Task instructions
Leaving out the pictures, retype the lines from the top of the listing through the line with "Thumbnail of 2018 Honda Accord" exactly.

Exercise inputs
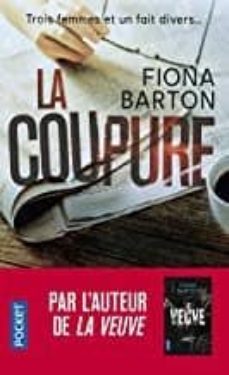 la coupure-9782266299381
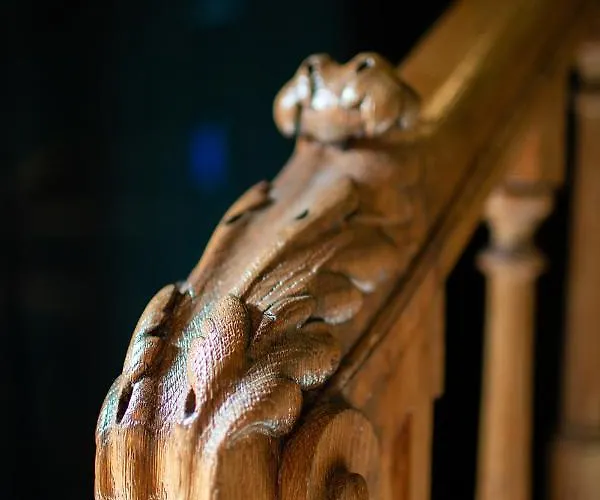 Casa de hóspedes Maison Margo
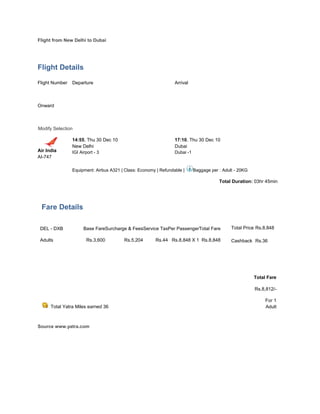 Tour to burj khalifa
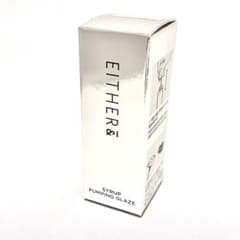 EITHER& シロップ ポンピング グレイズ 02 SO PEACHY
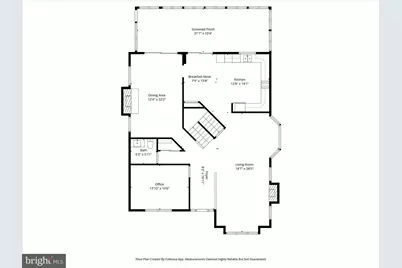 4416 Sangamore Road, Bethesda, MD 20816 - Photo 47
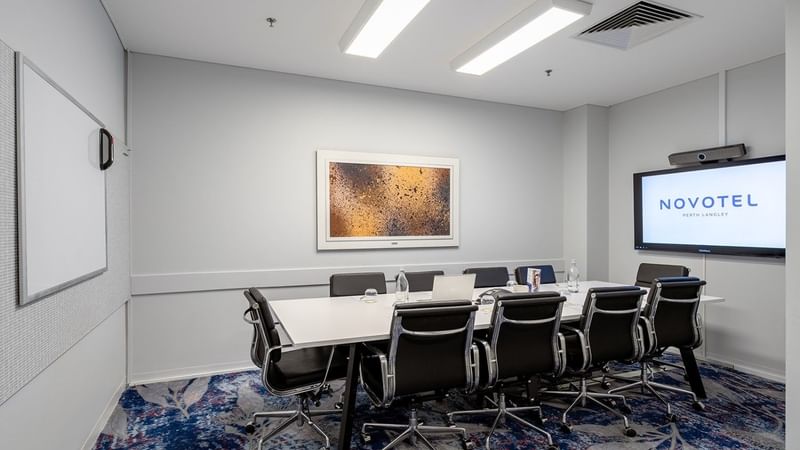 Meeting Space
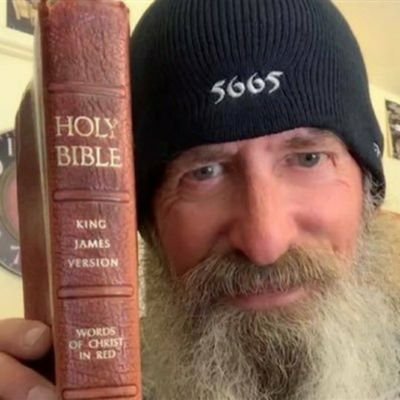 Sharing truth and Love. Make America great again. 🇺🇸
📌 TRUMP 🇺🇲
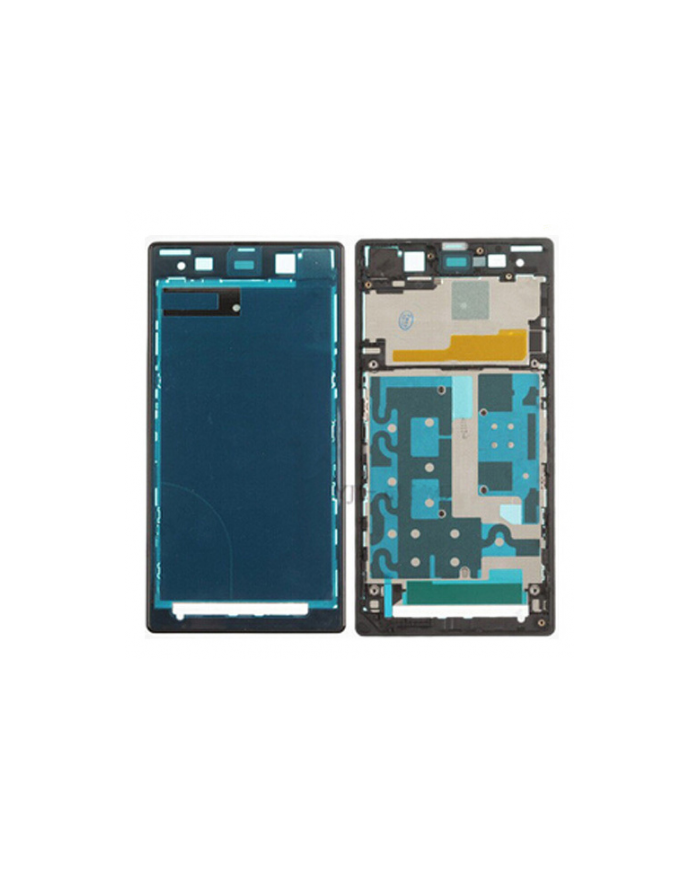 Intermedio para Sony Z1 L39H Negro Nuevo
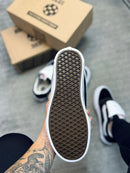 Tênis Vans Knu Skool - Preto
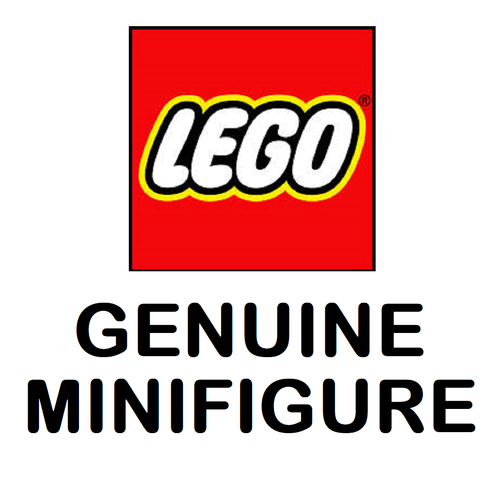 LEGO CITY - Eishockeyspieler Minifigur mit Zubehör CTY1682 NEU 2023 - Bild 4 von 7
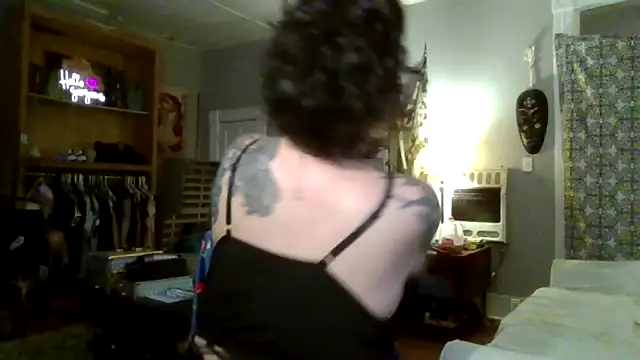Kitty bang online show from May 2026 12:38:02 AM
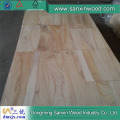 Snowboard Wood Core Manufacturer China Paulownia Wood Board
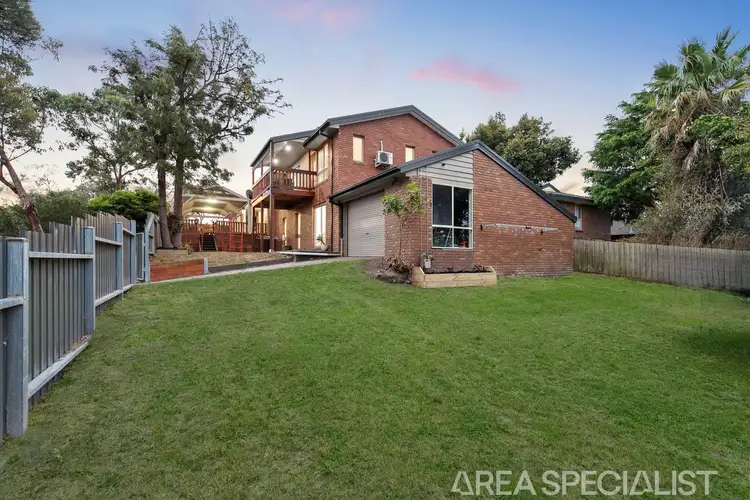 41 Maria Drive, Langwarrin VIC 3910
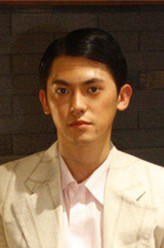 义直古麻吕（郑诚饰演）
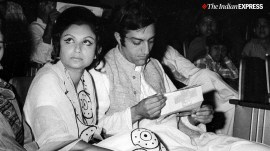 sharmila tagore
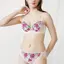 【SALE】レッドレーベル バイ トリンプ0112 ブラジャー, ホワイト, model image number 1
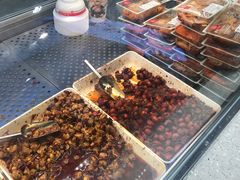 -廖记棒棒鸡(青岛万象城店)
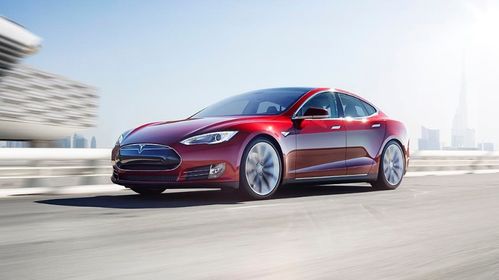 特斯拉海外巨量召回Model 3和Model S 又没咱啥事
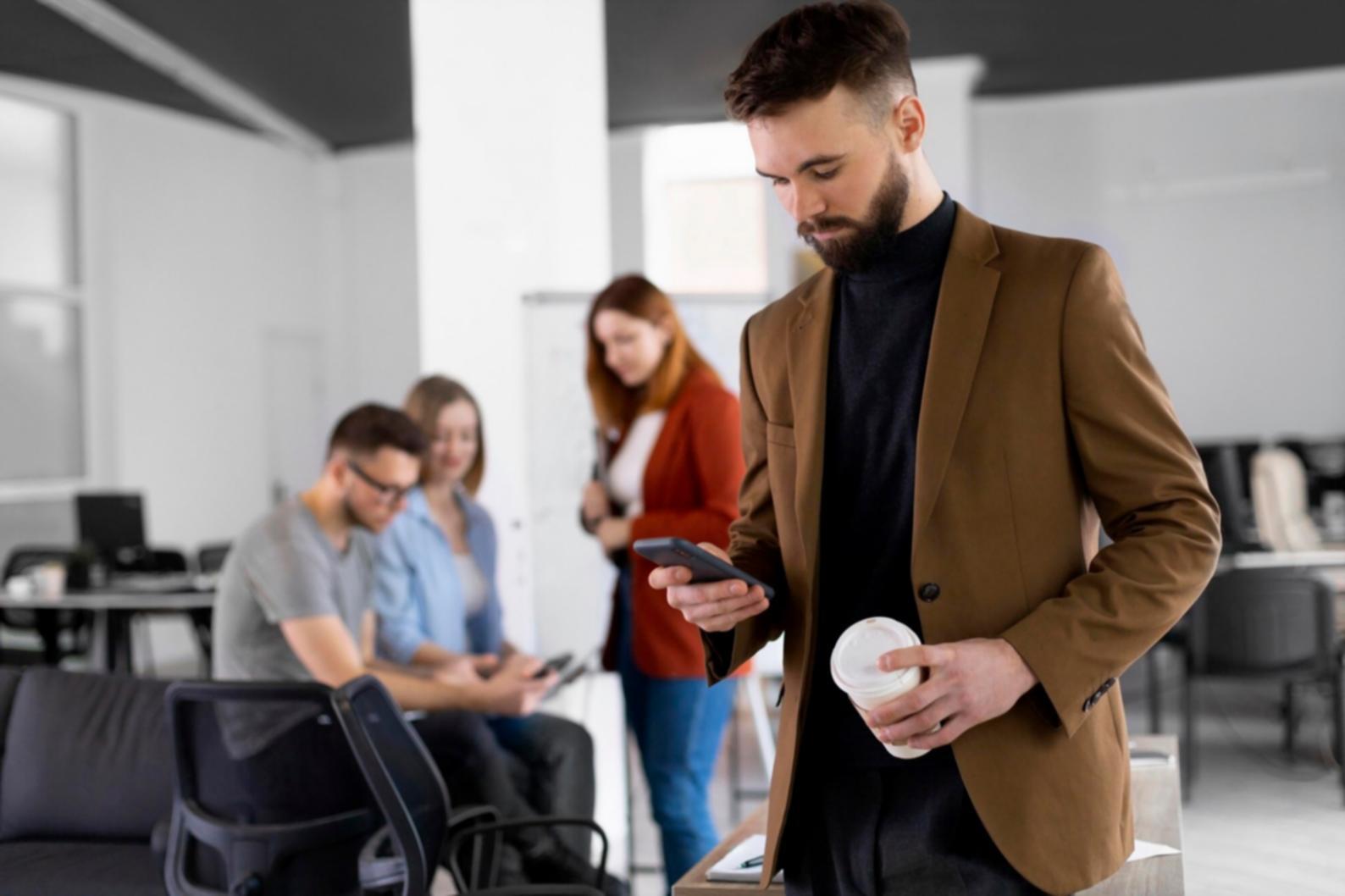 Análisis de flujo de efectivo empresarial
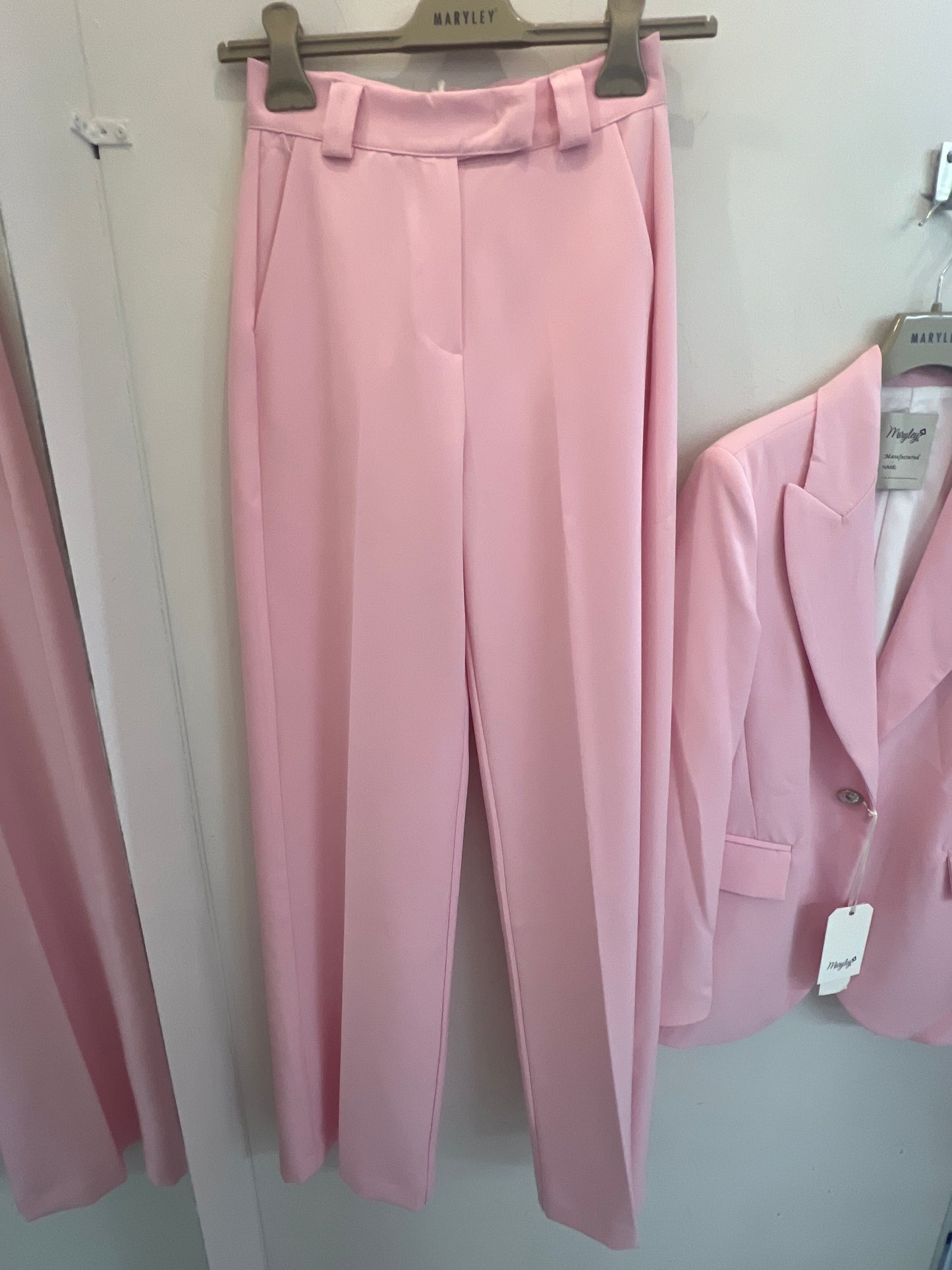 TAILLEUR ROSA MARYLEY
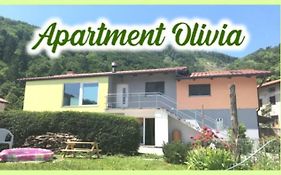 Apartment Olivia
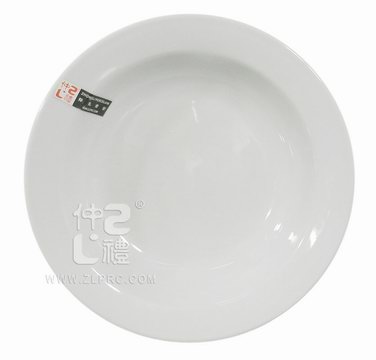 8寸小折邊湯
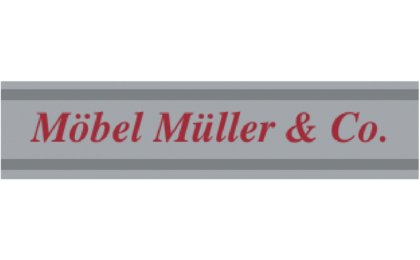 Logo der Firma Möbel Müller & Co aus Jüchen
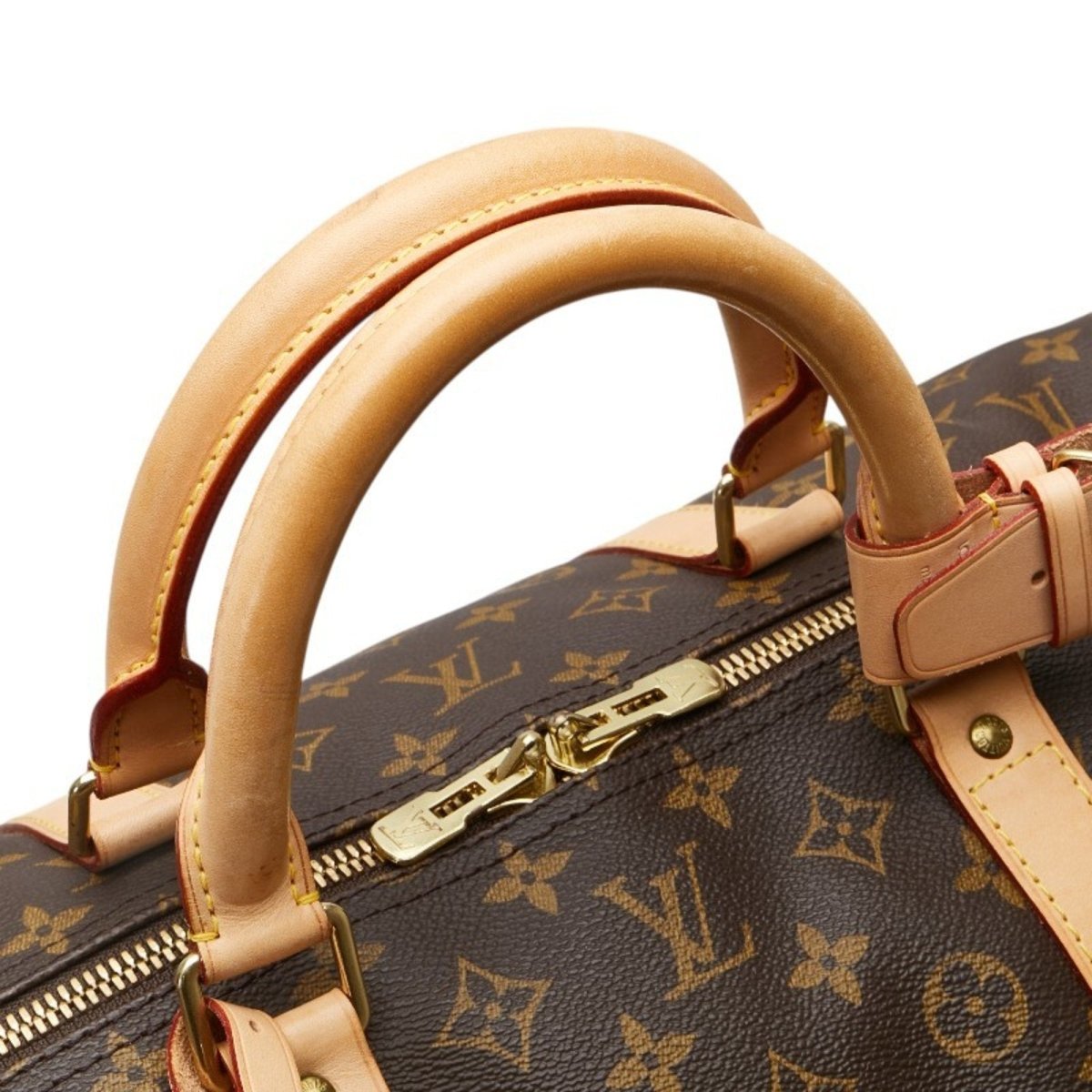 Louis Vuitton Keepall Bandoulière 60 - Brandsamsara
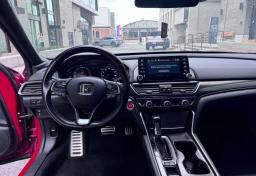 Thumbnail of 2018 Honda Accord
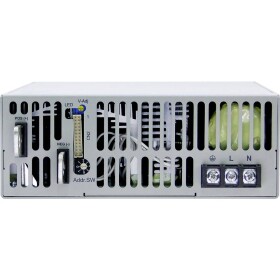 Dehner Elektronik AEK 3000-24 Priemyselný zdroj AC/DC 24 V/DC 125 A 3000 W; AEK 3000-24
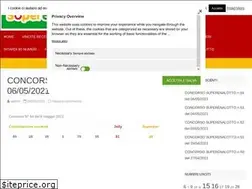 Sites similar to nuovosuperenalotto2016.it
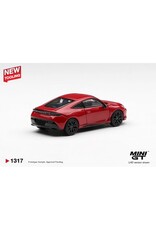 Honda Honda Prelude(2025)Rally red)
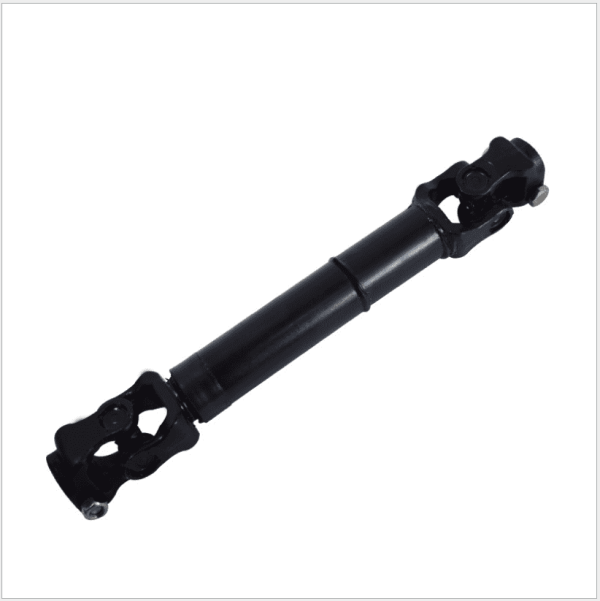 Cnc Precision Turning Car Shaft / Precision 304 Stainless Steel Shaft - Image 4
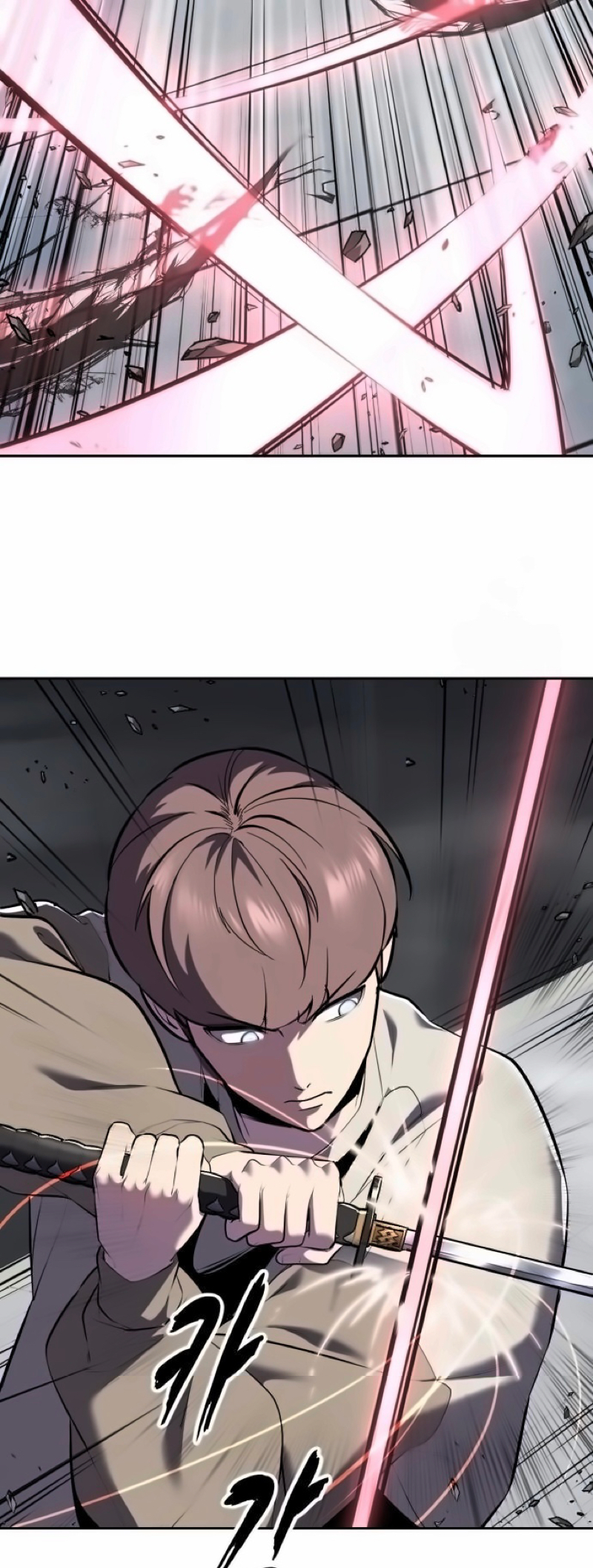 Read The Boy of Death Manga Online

Expected output
 la coupure-9782266299381
 Casa de hóspedes Maison Margo
 Tour to burj khalifa
 EITHER& シロップ ポンピング グレイズ 02 SO PEACHY
 4416 Sangamore Road, Bethesda, MD 20816 - Photo 47
 Meeting Space
 Sharing truth and Love. Make America great again. 🇺🇸
📌 TRUMP 🇺🇲
 Intermedio para Sony Z1 L39H Negro Nuevo
 Tênis Vans Knu Skool - Preto
 LEGO CITY - Eishockeyspieler Minifigur mit Zubehör CTY1682 NEU 2023 - Bild 4 von 7
Kitty bang online show from May 2026 12:38:02 AM
 Snowboard Wood Core Manufacturer China Paulownia Wood Board
 41 Maria Drive, Langwarrin VIC 3910
 义直古麻吕（郑诚饰演）
 sharmila tagore
 【SALE】レッドレーベル バイ トリンプ0112 ブラジャー, ホワイト, model image number 1
 -廖记棒棒鸡(青岛万象城店)
 特斯拉海外巨量召回Model 3和Model S 又没咱啥事
 Análisis de flujo de efectivo empresarial
 TAILLEUR ROSA MARYLEY
 Apartment Olivia
 8寸小折邊湯
 Logo der Firma Möbel Müller & Co aus Jüchen
 Louis Vuitton Keepall Bandoulière 60 - Brandsamsara
 Thumbnail of 2018 Honda Accord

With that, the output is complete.